June and the doctor followed his instructions. Delicately fingering the coils, Baron picked up the sound again, only to lose it. Then it came once more. This time he followed it as it changed to the five centimeter band. Back and forth it went as though weaving an intricate and devilish web.
"What do you make of it?" queried the doctor at last.
"Don't know." Jack bit his lips. "It's no natural phenomenon, I'll swear. Somebody is manipulating a broadcasting station of terrific power not far from here and playing with that wave as a helmsman brings a sailing ship into the wind and lets her pay off again."
"What do we do now?" The little chemist, finding his theory apparently confirmed, was at a loss. "Could we wreck that station?"
"Fat chance!" The engineer laughed bitterly as he reached for a cigarette. "Whoever has conceived that bit of hellishness is well guarded. The three of us wouldn't have a ghost of a show. What I can't understand is--"
"No use talking about theories now." Manthis sat down, crushed. Dropping his head in his bands, he pulled his few hairs as though that might drag out an idea. "What's to be done? Do you realise that we hold more responsibility than ever man has held before? Caesar! Napoleon! They were pikers. We have to save a world."
* * * * *
Silence greeted his outburst. The scratching of a match as June lit a cigarette sounded like an explosion. Then the smoke eddied undisturbed while the three stared vacantly into space, trying to think.
"Couldn't we"--the girl swallowed hesitantly as she realized her ignorance of radio engineering--"couldn't we interfere with that wave? Interfere with the wave which already is breaking up the thought waves. Cancel its power. Oh, Jack, you must know what I mean."
"With this dinky, five-kilowatt station? We couldn't reach Yonkers against the power they've got. By Jove!" He leaped to his feet as a new thought struck him. "Maybe we could just wake up New York. Get help from the police then! Smash that other station afterwards!"
"But we don't know whether interference would break the spell," interposed the practical doctor. "And it will take a lot of practise to follow that wave. It jumps back and forth l
ike a grasshopper."
"And if we don't do it right the first time, whoever is operating that station will be down on us like a ton of brick," admitted Jack.
"Let's get the child we saved," suggested June. "We can bring her up here. Then we'll need only a little power, just enough to be effective in this room, to bring her to life if we can. They wouldn't hear our wave."

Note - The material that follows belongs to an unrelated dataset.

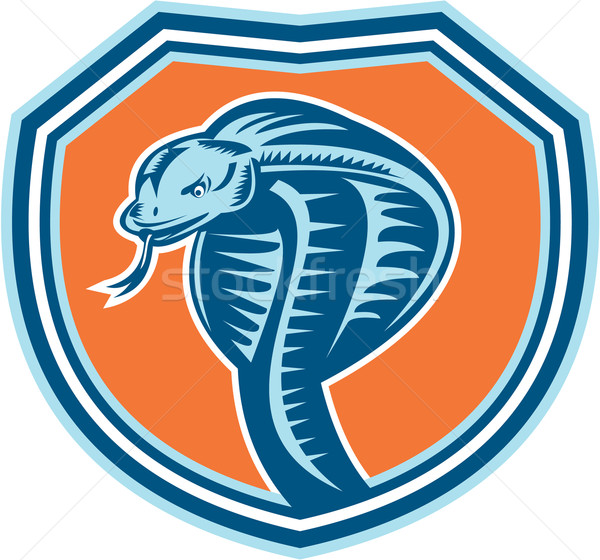Cobra serpent tête bouclier rétro illustration Photo stock © patrimonio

"Great!" Jack bent over and kissed her. "You're a real help. I'll be back in a minute." He dashed out. Soon they heard his step on the stairs and he reappeared, tenderly bearing his golden-haired burden.

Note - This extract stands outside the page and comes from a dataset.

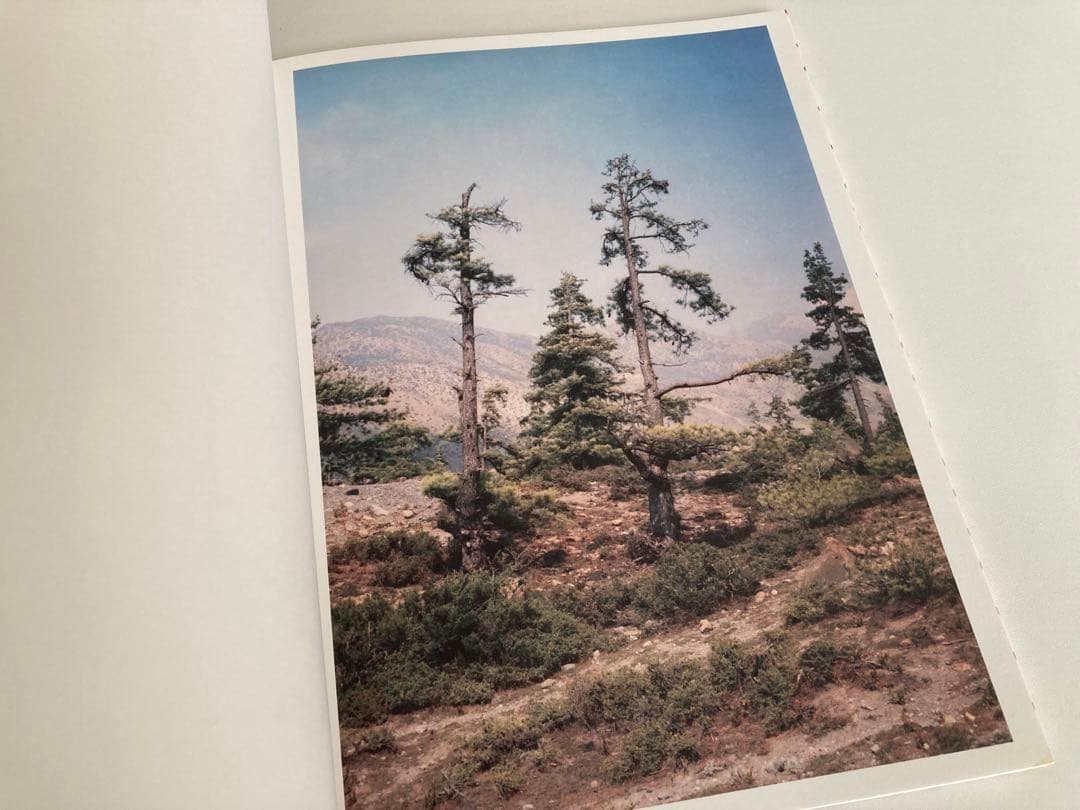 【サイン入り】Vincent Delbrouck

"Now, June," he commanded briskly, "place her in a comfortable position on the work table while I get ready." He began arranging equipment and connecting it with the bank of storage batteries.
"Shall I adjust a headset for her?" asked the impatient doctor.
"Be yourself!" Jack placed a crooked vacuum tube near the child's head and clamped two flat electrodes on her temples. "This wave must act directly on the brain. The sense of hearing has nothing to do with it.
"All right, Sleeping Beauty." He stretched the kinks out of his aching back. "Let's see what we can do for you. Pardon me, Doctor, if I seemed rude. This is ticklish work. Pick up the outside wave for me. Thanks. Now I've got our dinky sending station set on the same wave length at a different frequency. It's adjusted so that as I keep in touch through this tuning coil, our wave will fluctuate over the same path as the other. It should take six or eight hours to overcome the effect on her, I judge. Here we go. June, you'd better get yourself and your dad some food. Doctor, you examine the kid from time to time. In an hour or so June can relieve me."
He pressed a switch. The tubes filled with a green glow.
* * * * *
Two hours passed, and the sun was sinking behind the trees of the park in a bloody haze when Jack at last signaled for June to handle the dials. For a time he guided her slim fingers. Then, as she caught the trick, he rose and stretched his cramped muscles.
"Don't lose the wave for a moment or we'll have to start all over again," he warned. "Now for dinner!"